Provided data
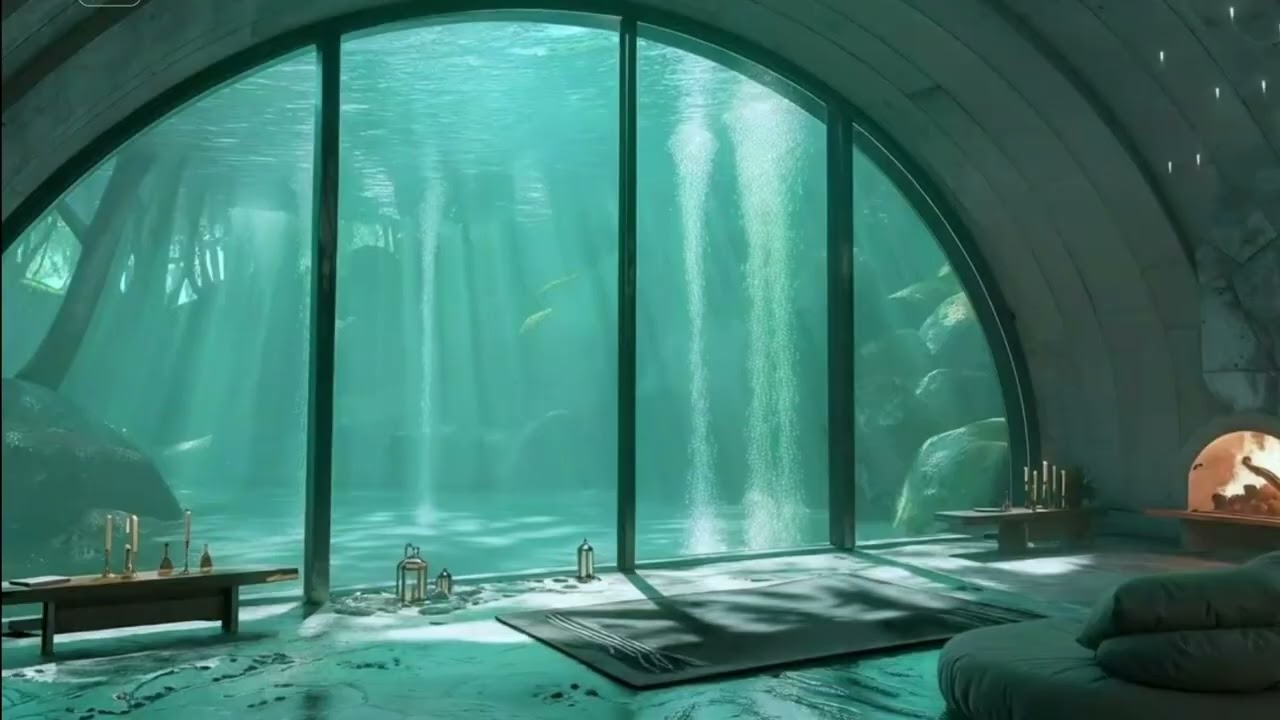 Immersive Bubble & Modular Synth — Deep Relaxation & Deep Sleep | A Quiet Space
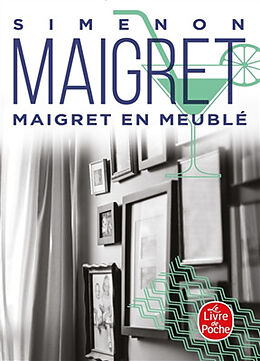 Kartonierter Einband Maigret en meublé von Georges Simenon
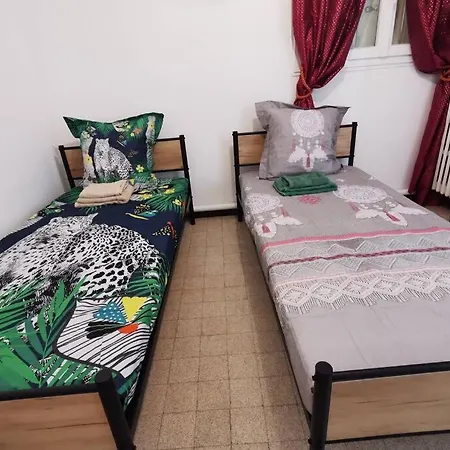 Apartment Familial 4 Chambres 8 Voyageurs. *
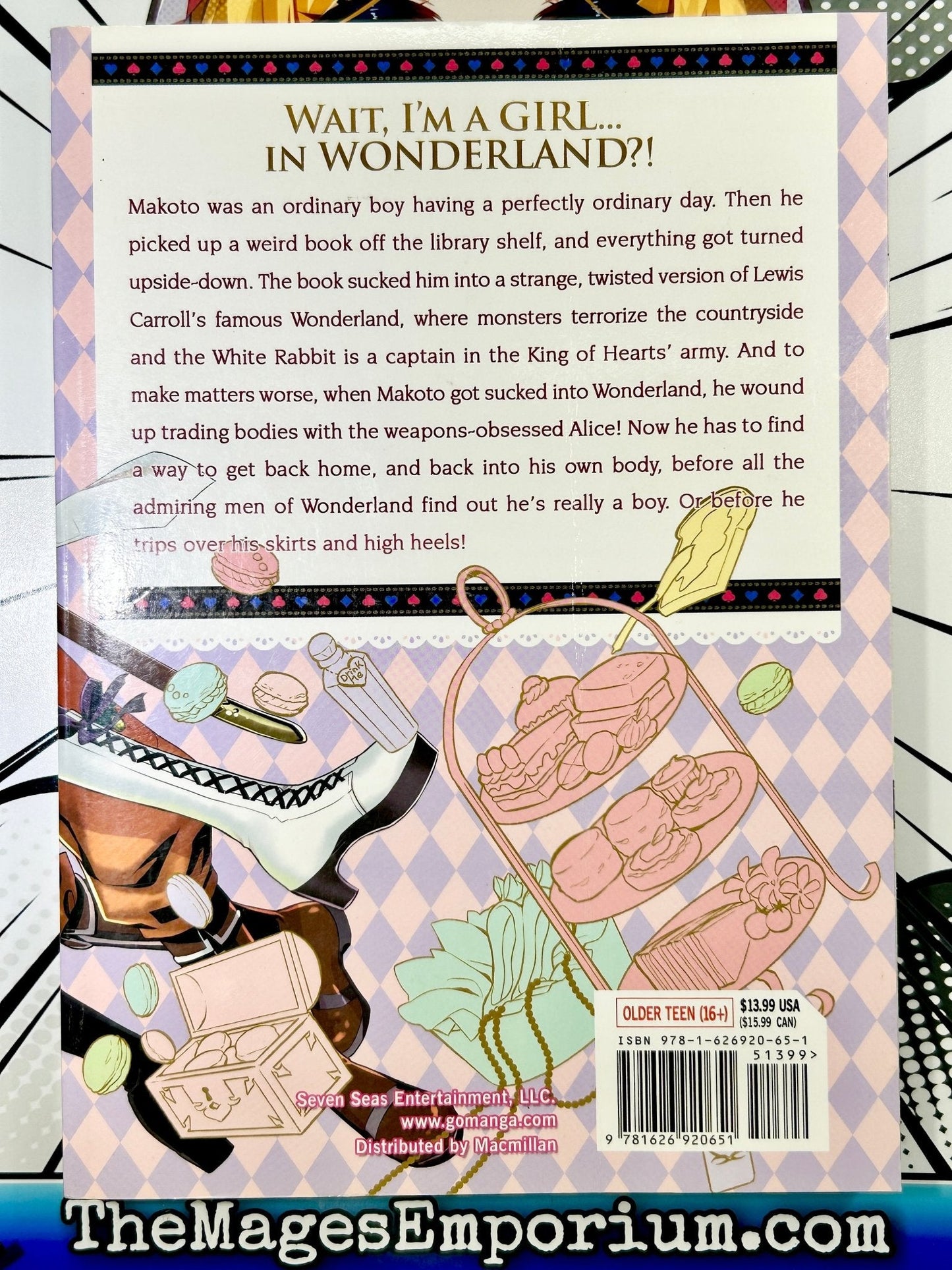 I Am Alice Body Swap in Wonderland Vol 1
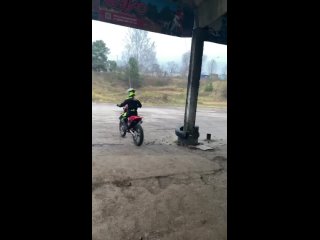 Видео от Русские мотоциклисты. Дети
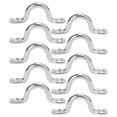 thumbnail image 4 of 10pcs Stainless Steel Kayak Canoe Rigging Boat Pull Handle Buckles Kayak Accessories6mm / 0.24in,, 4 of 5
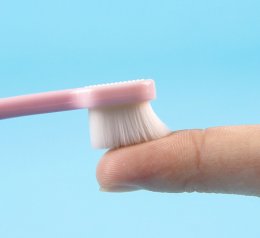 แปรงสีฟันเด็กขนนุ่ม Cotton toothbrush 
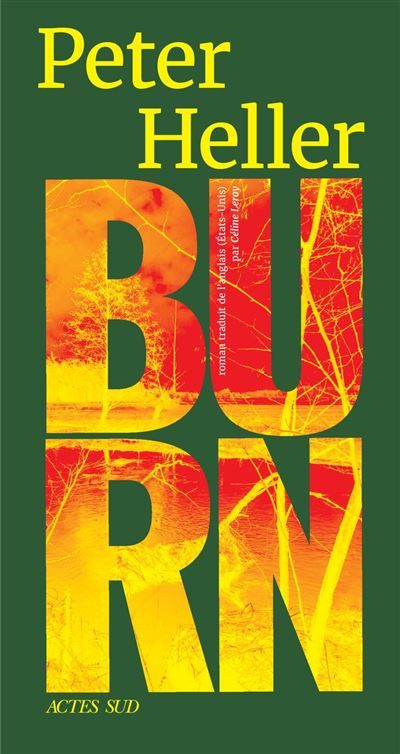 Couverture de Burn par Peter Heller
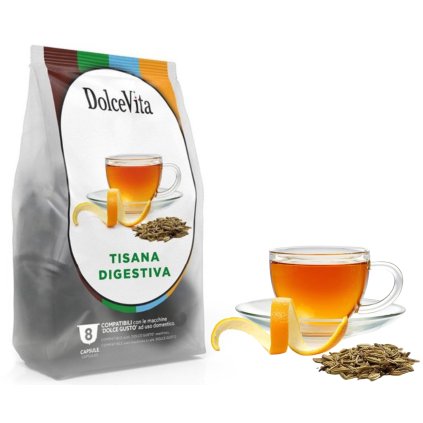 dolce vita tisana digestiva do dolce gusto nejkafe cz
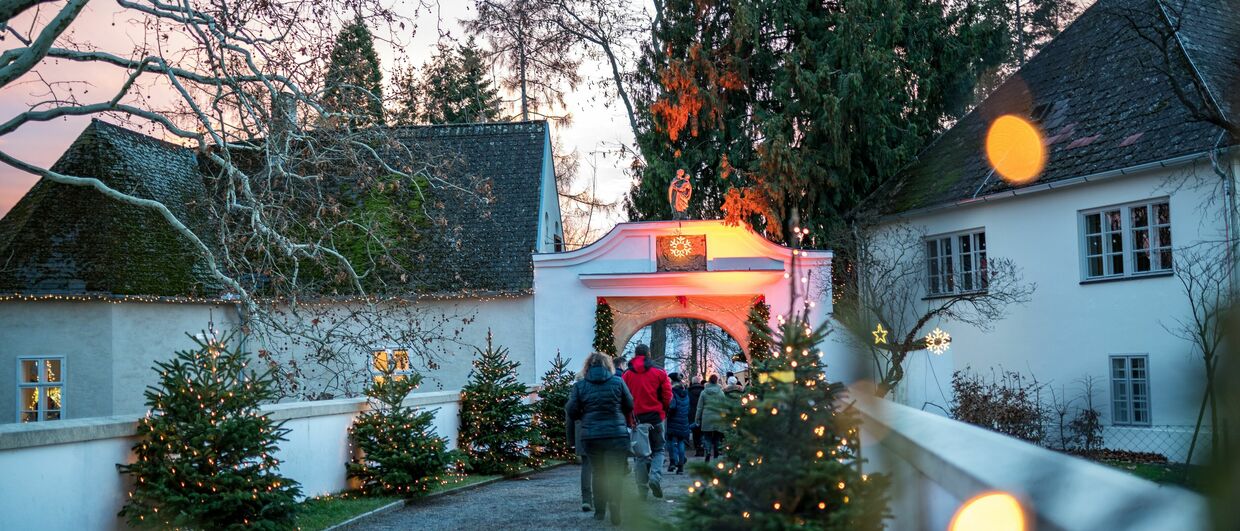 Weihnachten auf Schloss Lackenbach im Burgenland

Instructions to follow
Once the line containing "Видео от Русские мотоциклисты. Дети" has been found, write out exactly that line and each one after it through the end of the data, leaving out every picture.

Solution to this exercise
 Видео от Русские мотоциклисты. Дети
 thumbnail image 4 of 10pcs Stainless Steel Kayak Canoe Rigging Boat Pull Handle Buckles Kayak Accessories6mm / 0.24in,, 4 of 5
 แปรงสีฟันเด็กขนนุ่ม Cotton toothbrush 
 Couverture de Burn par Peter Heller
 dolce vita tisana digestiva do dolce gusto nejkafe cz
 Weihnachten auf Schloss Lackenbach im Burgenland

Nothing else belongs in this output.